Overview
A production-grade serverless ML inference API that classifies text sentiment as POSITIVE or NEGATIVE using DistilBERT. Deployed on AWS Lambda via Docker containers with API Gateway, demonstrating the full path from model to production-ready cloud endpoint.
Architecture
API Gateway receives HTTP requests and routes them to AWS Lambda, which runs a Docker container housing the FastAPI application. Mangum bridges FastAPI’s ASGI interface to Lambda’s event-based invocation model.
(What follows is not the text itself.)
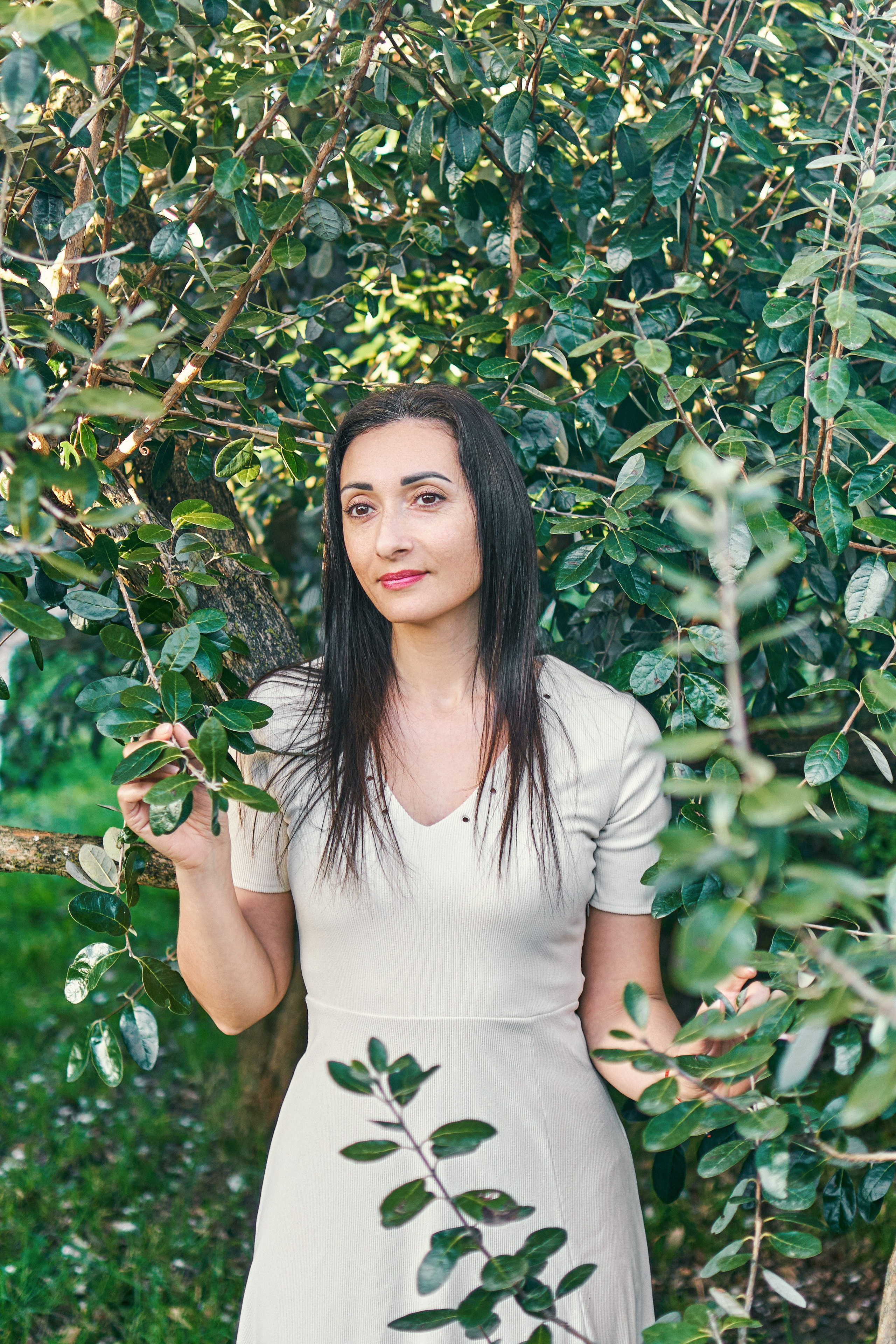 Съёмка Оксаны в цветущем саду в Абхазии. Фотограф Абхазия|Цандрипш|Гагра|Сириус|Красная Поляна Артём Большаков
The DistilBERT model (fine-tuned on SST-2) is pre-downloaded at Docker build time to minimize cold start latency.
Key Design Decisions
- Model baking: The ~260 MB model weights are downloaded and cached during
docker build, eliminating cold-start download penalties on Lambda. - ASGI adaptation: Mangum translates between FastAPI and Lambda seamlessly, allowing the same codebase to run locally (via Uvicorn) or serverlessly.
- Infrastructure as Code: AWS SAM template defines the entire stack — Lambda function, API Gateway, IAM roles — in a single declarative file.
Tech Stack
- ML Model: DistilBERT (Hugging Face Transformers)
- API Framework: FastAPI
- Lambda Adapter: Mangum
- Infrastructure: AWS SAM, API Gateway, Lambda
- Containerization: Docker (AWS Lambda Python base)